Minor languages
Karl Ove Knausgård’s lecture on Peter Handke, ‘Handke and Singularity.’
Language has no life of its own, is not itself alive: it invokes life, and the very primal scene for that, the source of creative literature, is found in The Odyssey when Odysseus and his crew moor on the Oceanus River after visiting Circe, and Odysseus offers a sacrifice on the beach to the dead. Blood runs darkly down into the pit, and the dead souls begin to flock around it. He sees young girls dressed as brides, young warriors in blood-stained armour, and old men, their screams are ghastly, and he is filled with fear. The first he recognizes is Elpenor, who died during their stay with Circe and was never buried. He tells his story, of how he drank himself drunk and fell head first off a roof, broke his neck and died. The next one Odysseus speaks to is Tiresias, the soothsayer, who foretells the future, then appears Odysseus’ mother, who drinks of the blood. She recognizes him and tells him of how she died. Odysseus goes to embrace her, and approaches her three times, and three times she escapes him like a dream or a shadow. She tells him that her sinews no longer hold flesh and bone together, the funeral pyre has transformed her body to ash, and that all that is left is her soul, fluttering around.

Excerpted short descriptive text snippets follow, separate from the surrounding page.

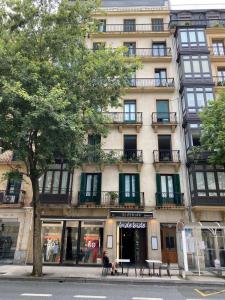 a building on a street with a tree in front of it at Pensión Urkia in Donostia-San Sebastián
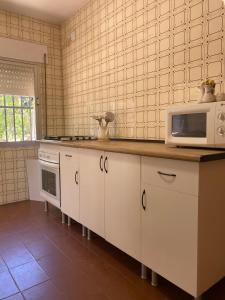 a kitchen with white cabinets and a microwave at villa eloisa in Chiclana de la Frontera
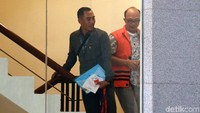 Tohonan mengenakan rompi oranye khas KPK dengan tangan diborgol menuju ruang pemeriksaan.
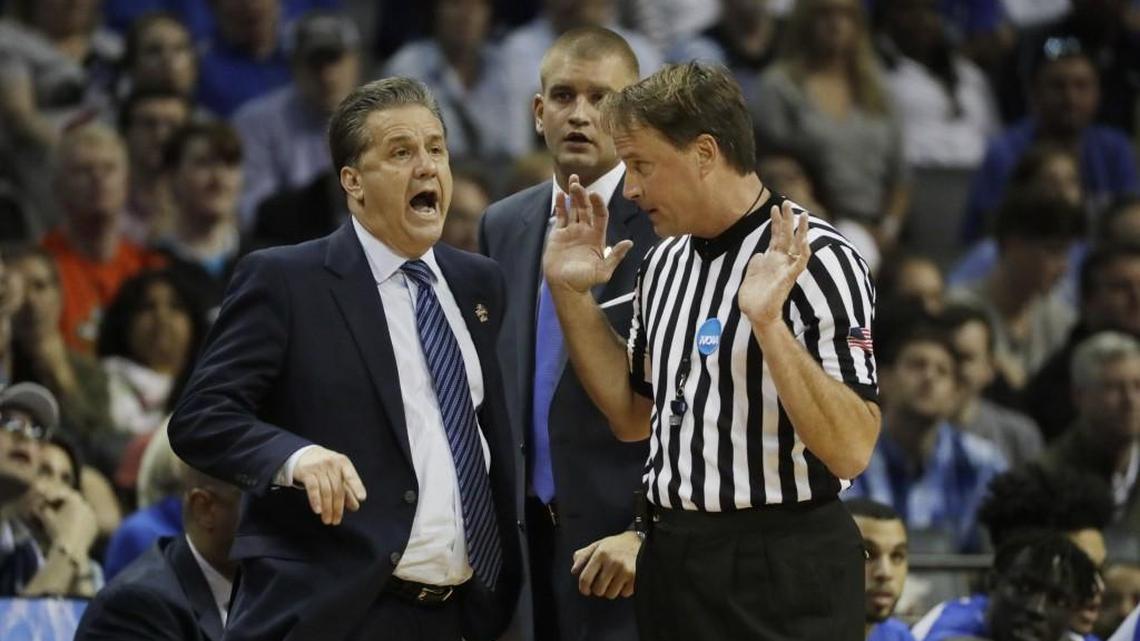 Kentucky coach John Calipari argues a call with referee John Higgins in the South Regional final game against North Carolina in the NCAA tournament in March.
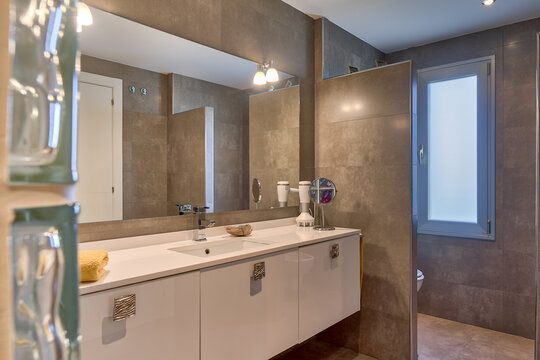 Modern interior of bathroom with sink in white and beige colors in apartment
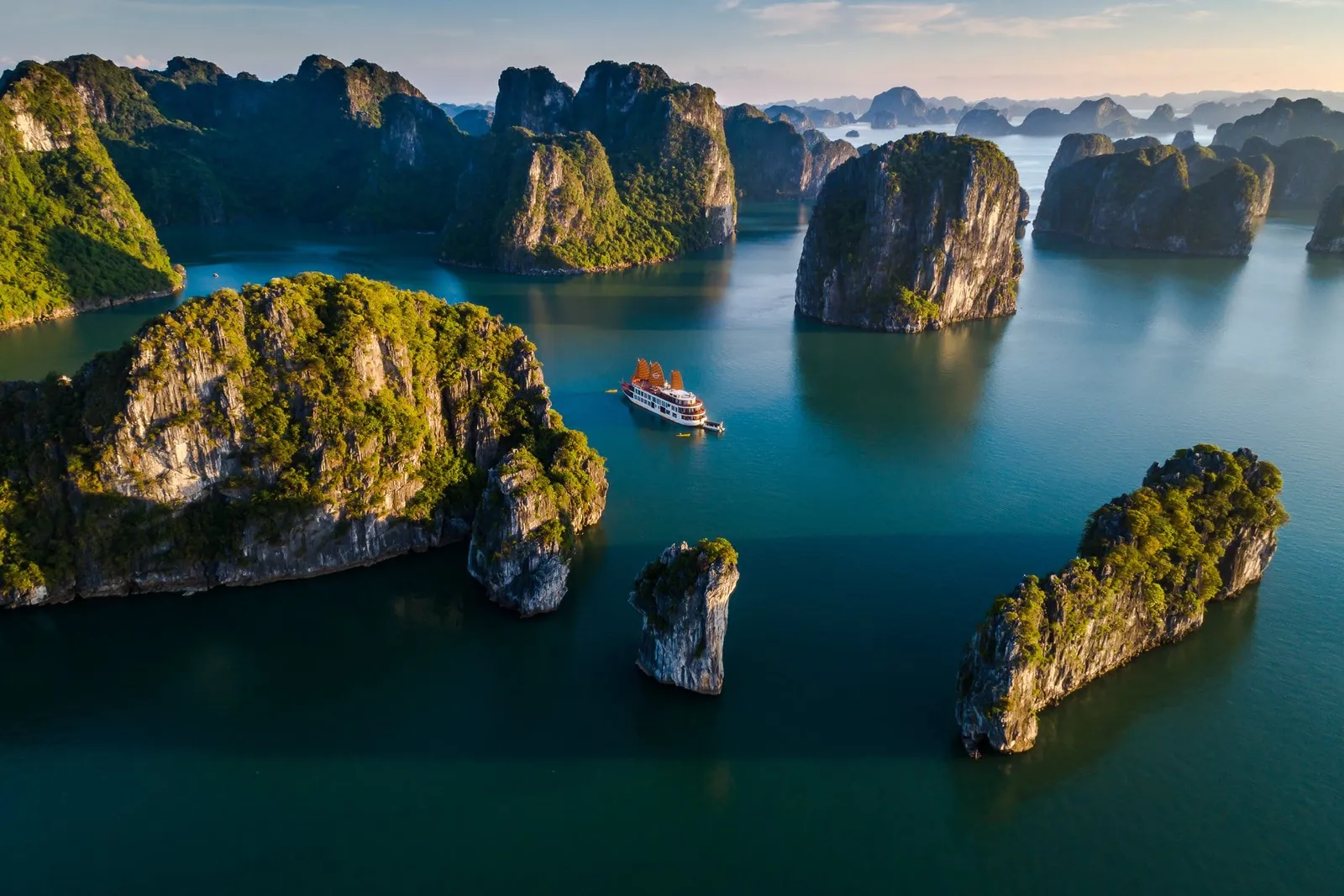Aerial view of a cruise boat with red sails navigating between tall limestone karst islands in calm turquoise water.
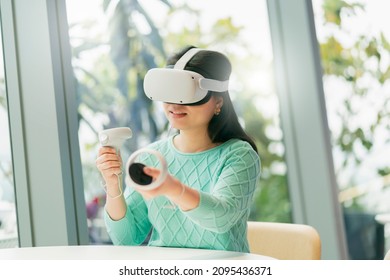 smart attractive asian female business owner weared virtual reality glasses enjoys casual metaverse meeting with concentrate at cafe restaurant,asian female  using oculus rift headset in cafe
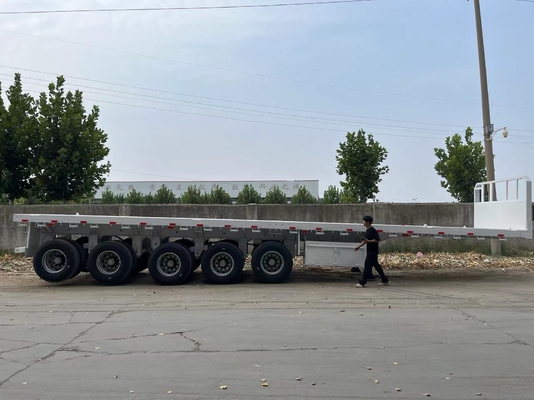 Büyük boyutlu yüklerin istikrarlı ve verimli taşınması için ağır ağırlıklı çok eksenli düz yataklı yarı römork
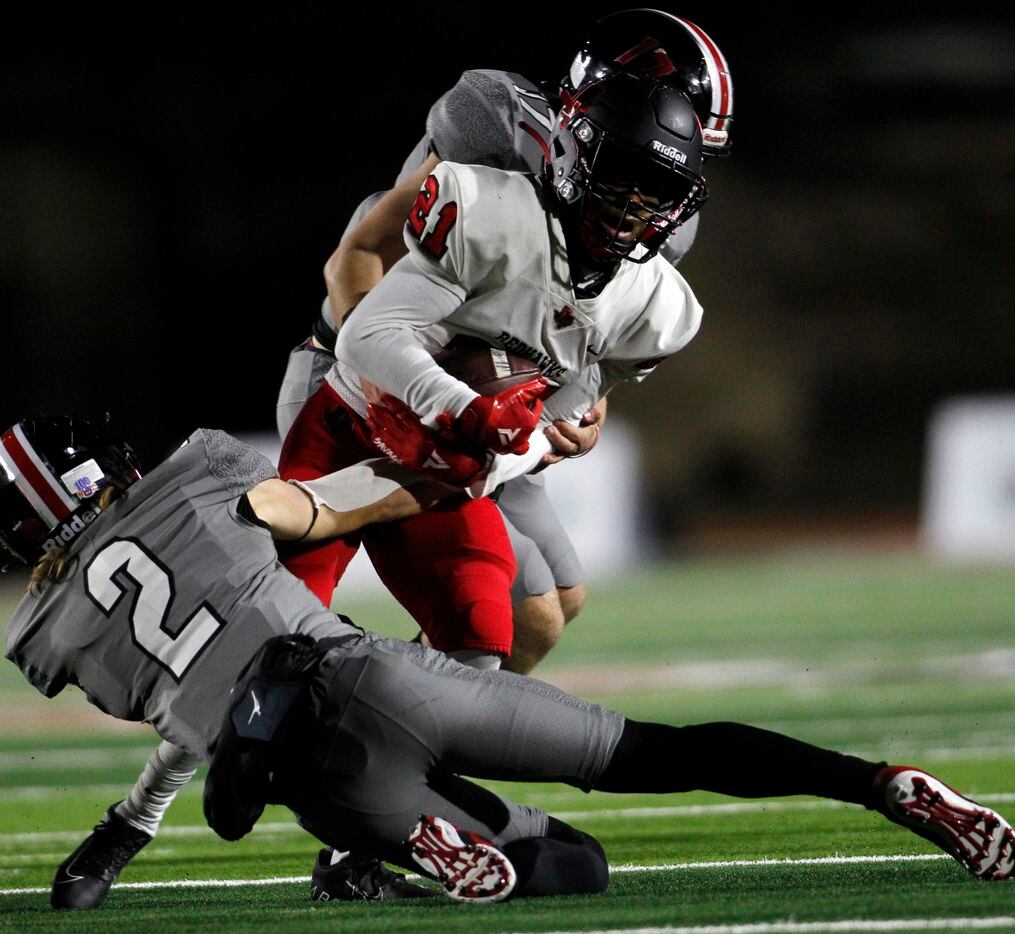 Frisco Liberty receiver Chris Johnson (21), center, is wrapped up by Lucas Lovejoy defenders...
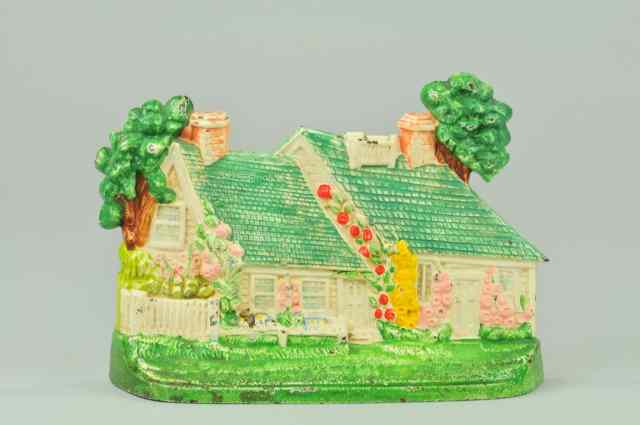 Appraisal: COTTAGE DOORSTOP Hubley depicts cast iron cottage with flowers growing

Literature invokes the world as Odysseus invokes the dead, and no matter how it is done, the distance is always insurmountable and the stories always the same. One son loses his mother three thousand years ago, one son loses his mother forty years ago. The fact that the one story is a work of fiction and the other based on fact does not change their basic similarity: both manifest themselves in language, and from this perspective any attempt Handke makes to escape the literary proves futile, there is nothing in his description of reality that is more authentic than Homer’s. Nor is that what he seeks to do. Handke wants to write about someone – his mother – without invoking her, without giving her blood so that she can appear in something reminiscent of her former, living character; in other words, deny her a fictitious life that might create connections between the dead – her existence in the past, and the living – the reader’s consciousness. Instead, what language invokes is her environment, the shapes of her life, and although her identity – that which was peculiar to her – comes to view, it does not speak. Nor can what language invokes be found on the other side of an insurmountable abyss, for these shapes are themselves linguistic in a sense, though not in a truly literal sense. Thus, Handke succeeded in doing what he presumably set out to do, namely to represent reality in an authentic manner.